I try to forget about bad relationships, mostly. Sometimes they still mess me up, though.

1.) I dated this senior in high school while I was a sophomore, he was 19 I was 15. I didn't see anything wrong with it at the time, because high school and a cool older guy liked me. He ended up cheating on me and continued talking to the girl behind my back. Stupid 15 year old me thought "everyone messes up sometimes, it's fine" and took him back because he seemed genuinely sorry. I ended up sleeping with him because I was afraid he was going to leave me and I was desperate enough to try and make him stay.
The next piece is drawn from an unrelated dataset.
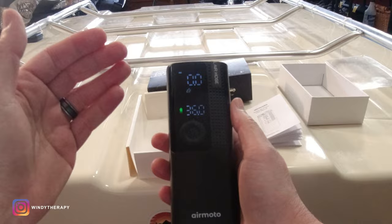Thanks AirMoto for sending this fully charged. There's nothing worse than getting something that requires a charge the first time you have to use it — it's like a kid getting a Christmas present and you have no batteries in the house. It's just frustrating. So thanks — it's fully charged, so it's ready to go.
He did end up leaving eventually and then strung me along for months on end, despite having numerous girlfriends after me. I was devastated and when I finally had enough and moved on, he had the gall to yell at me for "not being there for him" like I "promised I always would". Sorry pal, I'm done.

To this day I end up getting unnecessarily flirtatious if I feel like my relationship is in distress.
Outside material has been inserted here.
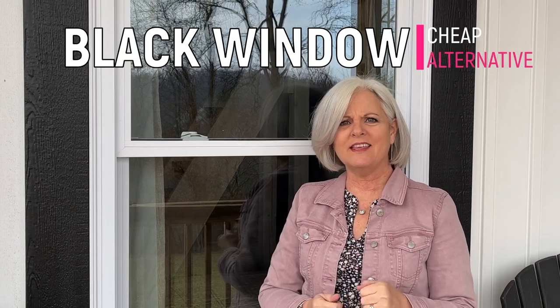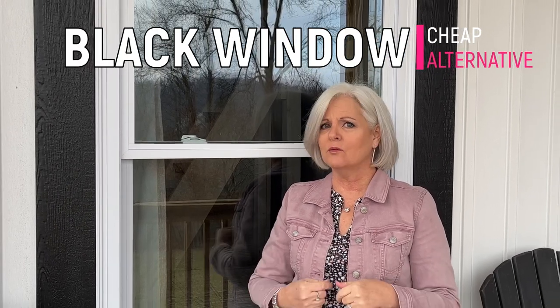Do you love the look of black windows but hate that high price tag that comes with them? Well, so do I, and I'm going to show you a way around that.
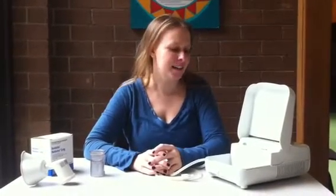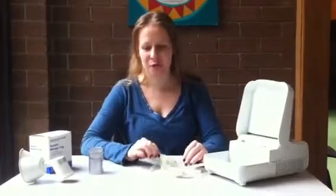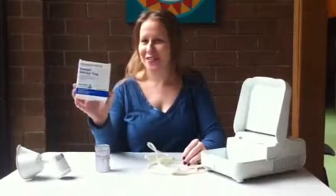This is how you use a nebulizer. First, gather all your required equipment. In this case: a nebulizer, the tubing, the chamber, a mouthpiece, and your medication. We'll use Ventolin.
2.) The guy I dated immediately after the guy above seemed alright enough, nice guy, smart. Really down to earth.

He liked smoking weed and he was more or less my introduction to it. Weed makes me sleepy, and I made it clear to him that it had that effect on me. He got horny while he was high and we had sex even though I wasn't totally into it. Okay, fine, whatever.

There was another time where I was crying to him about having relapsed with hurting myself right as we got intimate. We stopped and he consoled me before eating dinner. After eating, we went back to his room and I remember still being visibly out of it. He wanted me to give him a blowjob, and I just went along with it because I guess it had been long enough and I guess I was over being upset.

A third time we were trying out one of his kinks (sex in the woods) and I just broke down in tears in the middle of it because I was hot, dehydrated, exhausted, hallucinating, and I wanted to go home. He asked if he could at least finish himself off before we left.

ANOTHER time was when he wanted to fuck me while I had a fever of 101 and I couldn't speak because my throat was so sore.

Most of my sexual encounters with this guy were basically 'why bother saying no, we do this so much anyway despite odd circumstances, what's the point of it' based off of the above experiences.

He broke up with me because he stopped loving me. He broke up with me MONTHS after he actually stopped loving me. I was unknowingly being strung along.

I'm in a better relationship now (coming up on 2 years actually!! :-) ) but those relationships still have an impact on me and my behavior and how I see myself.

Sorry for any grammar/spelling mistakes, I'm on mobile!